Extracted material –
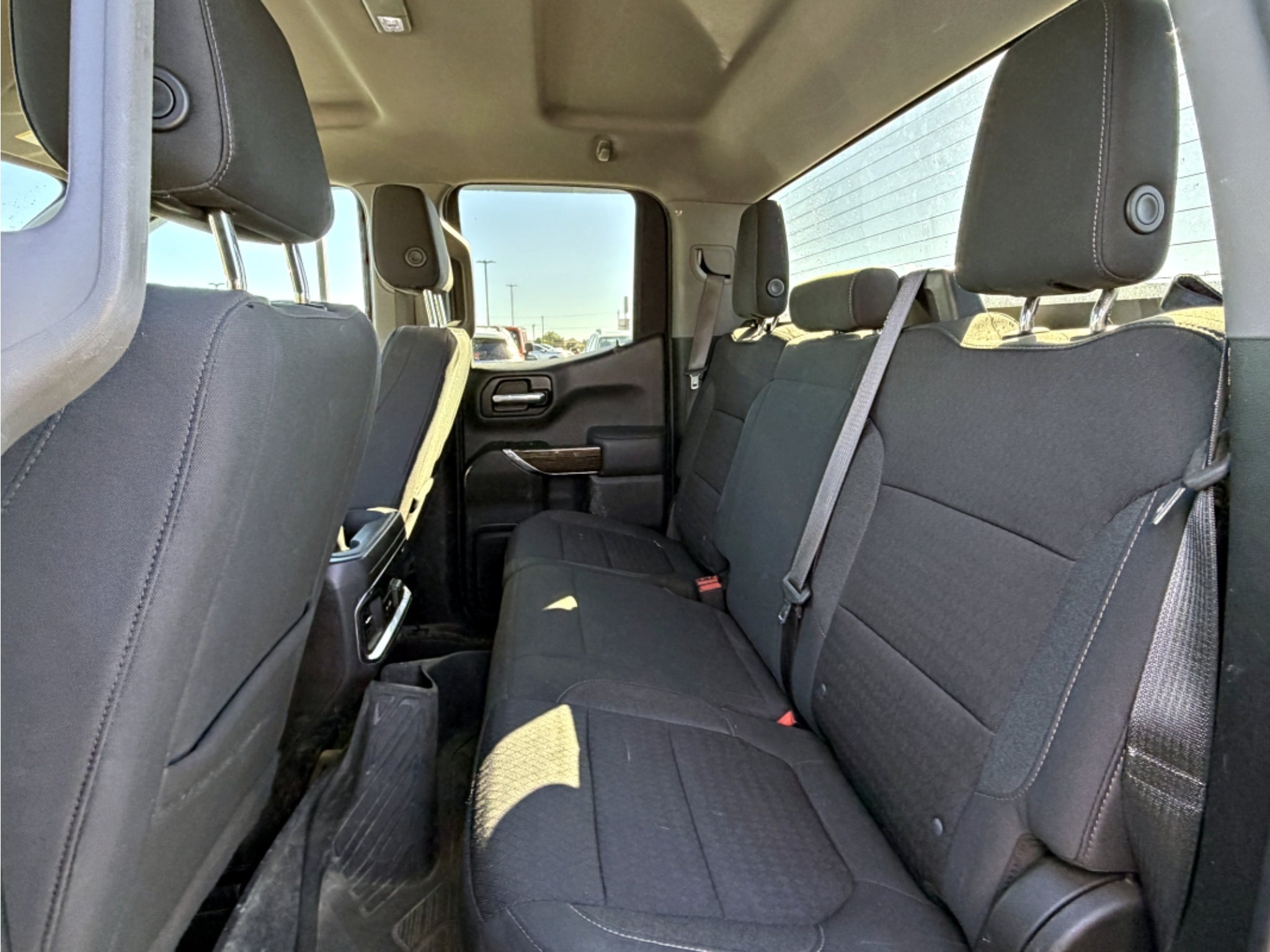 2022 GMC Sierra Limited Elevation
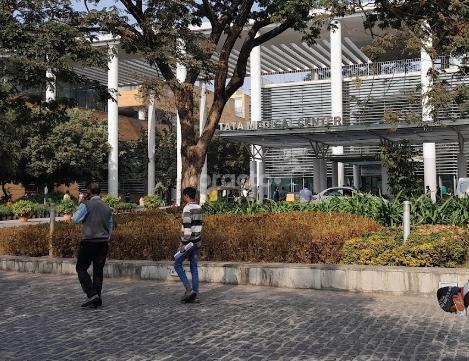 Tata Medical Centre New Town Kolkata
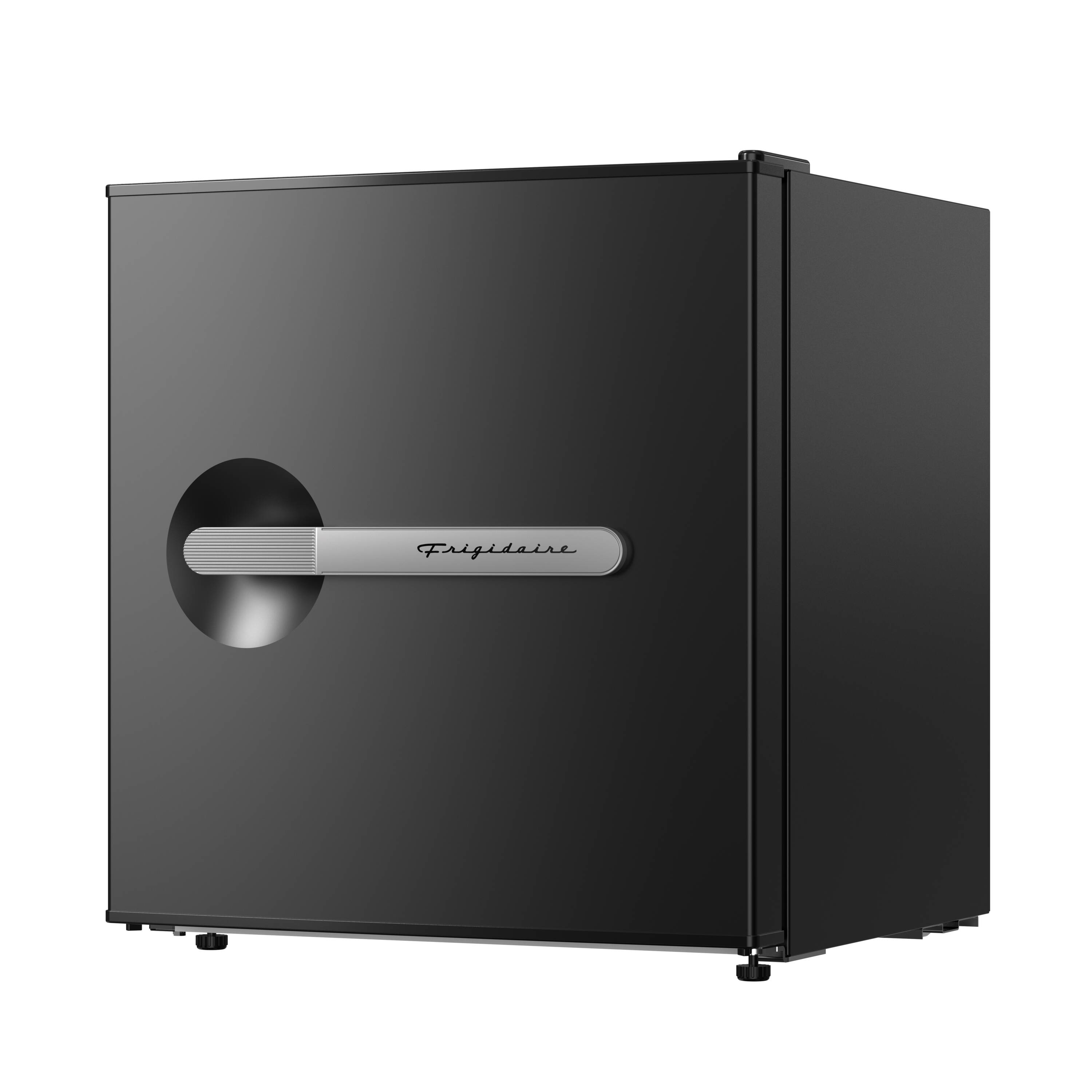 Refrigerador compacto de 1.6 pies cúbicos (Negro) EFR197-NEGRO-6COM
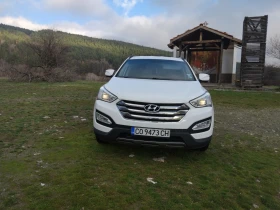 Hyundai Santa fe 2.0 CRDI 150 HP , снимка 4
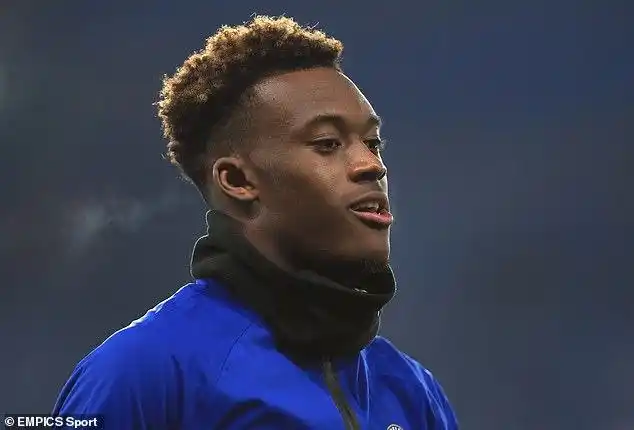 切尔西拒售奥多伊助教希望他能留下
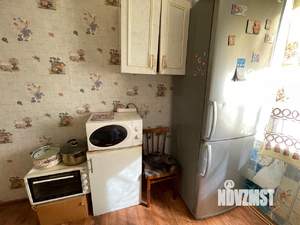 1-к квартира, на длительный срок, 30м2, 5/5 этаж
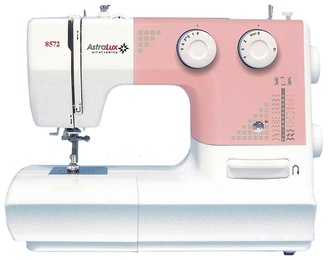Швейная машинка Astralux DC 8572 в Нижнем Новгороде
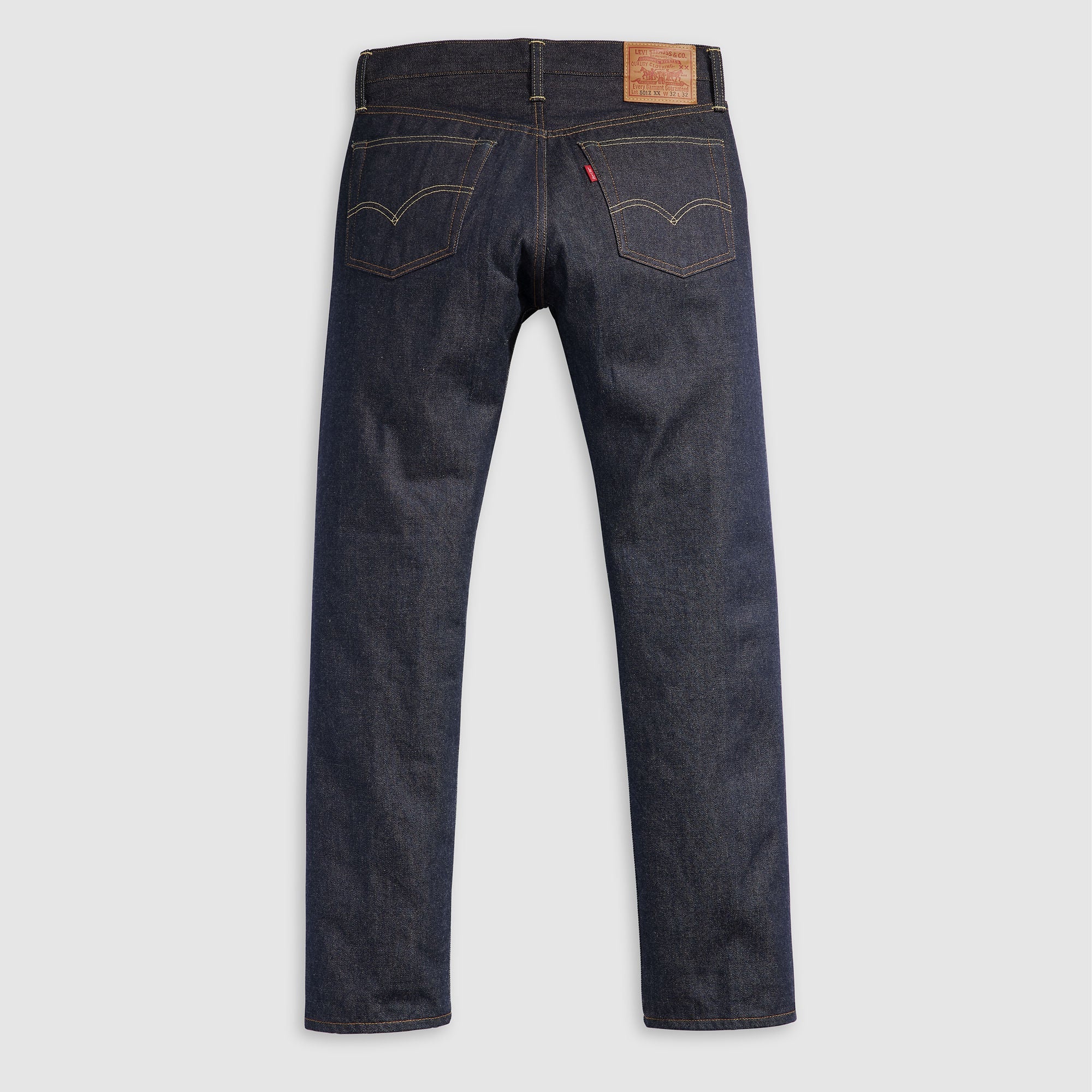 1954 501™ Jeans Dark Indigo Organic – Shop the Archive Cut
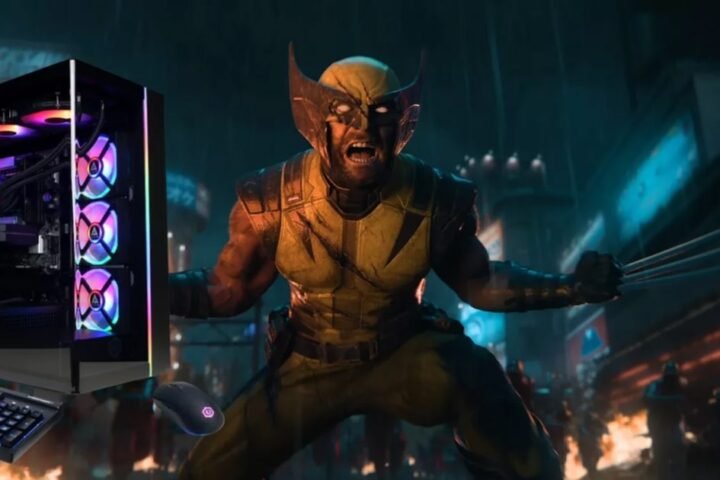 Marvel’s Wolverine PS5 Emülasyonu ile PC’de Çalıştırıldı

What to produce – With the pictures left out, copy exactly the lines from the line holding "Tata Medical Centre New Town Kolkata" through the final line of the records, including both.

Written answer –
 Tata Medical Centre New Town Kolkata
 Refrigerador compacto de 1.6 pies cúbicos (Negro) EFR197-NEGRO-6COM
 Hyundai Santa fe 2.0 CRDI 150 HP , снимка 4
 切尔西拒售奥多伊助教希望他能留下
 1-к квартира, на длительный срок, 30м2, 5/5 этаж
Швейная машинка Astralux DC 8572 в Нижнем Новгороде
 1954 501™ Jeans Dark Indigo Organic – Shop the Archive Cut
 Marvel’s Wolverine PS5 Emülasyonu ile PC’de Çalıştırıldı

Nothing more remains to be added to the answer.